= Samarium monochalcogenides =

Compounds containing one samarium and one chalcogen atom

Samarium monochalcogenides are chemical compounds with the composition SmX, where Sm stands for the lanthanide element samarium and X denotes any one of three chalcogen elements, sulfur, selenium or tellurium, resulting in the compounds SmS, SmSe or SmTe. In these compounds, samarium formally exhibits oxidation state +2, whereas it usually assumes the +3 state, resulting in chalcogenides with the chemical formula Sm_{2}X_{3}.

==Synthesis==
Single crystals or polycrystals of samarium monochalcogenides can be obtained by reacting the metal with sulfur, selenium or tellurium vapors at high temperature. Thin films can be obtained by magnetron sputtering or electron beam physical vapor deposition, that is bombardment of samarium metal target with electrons in and appropriate gas atmosphere (e.g. hydrogen disulfide for SmS).

==Properties==

| Formula | Lattice constant nm | Resistivity Ohm·cm | Band gap eV |
|---|---|---|---|
| SmS | 0.597 | 0.001–0.01 | 0.15 |
| SmSe | 0.620 | ~3000 | 0.45 |
| SmTe | 0.6594 | ~1000 | 0.65 |

Samarium monochalcogenides are black semiconducting solids with rock-salt cubic crystal structure. Application of moderate hydrostatic pressure converts them into metals. Whereas the transition is continuous and occurs at about 45 and 60 kbar in SmSe and SmTe, respectively, it is abrupt in SmS and requires only 6.5 kbar. Similar effect is observed in monochalcogenides of another lanthanide, thulium. This results in spectacular change in color from black to golden yellow when scratching or mechanically polishing SmS. The transition does not change the crystal structure, but there is a sharp decrease (about 15%) in the crystal volume. A hysteresis is observed, that is when the pressure is released, SmS returns to semiconducting state at much lower pressure of about 0.5 kbar.

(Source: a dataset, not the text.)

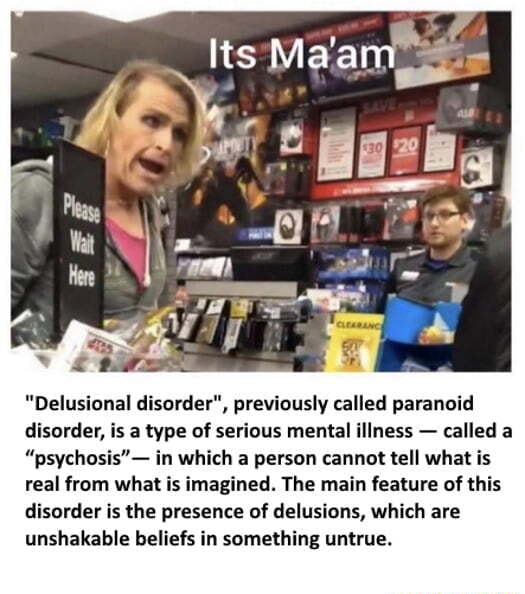 Its Ma'am "Delusional disorder", previously called paranoid disorder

Not only color and electrical conductivity, but also other properties change in samarium monochalcogenides with increasing pressure. Their metallic behavior results from the decreasing band gap, which amounts at zero pressure to 0.15, 0.45 and 0.65 eV in SmS, SmSe and SmTe, respectively.
At the transition pressure (6.5 kbar in SmS) the gap is still finite and the low resistivity originates from thermally activated generation of carriers across a narrow band gap. The gap collapses at about 20 kbar when SmS becomes a true metal. At this pressure, the material also changes from paramagnetic to a magnetic state.

The semiconductor-metal transition in samarium monochalcogenides requires application of pressure or presence of intrinsic stress, for example in thin films, and the reverse changes occur upon release of this stress. Such release can be triggered by various means, such as heating to about 200 °C or irradiation with a pulsed, high-intensity laser beam.

==Potential applications==
The change in electrical resistivity in samarium monochalcogenides can be used in a pressure sensor or in a memory device triggered between a low-resistance and high-resistance state by external pressure, and such devices are being developed commercially. Samarium monosulfide also generates electric voltage upon moderate heating to about 150 °C that can be applied in thermoelectric power converters.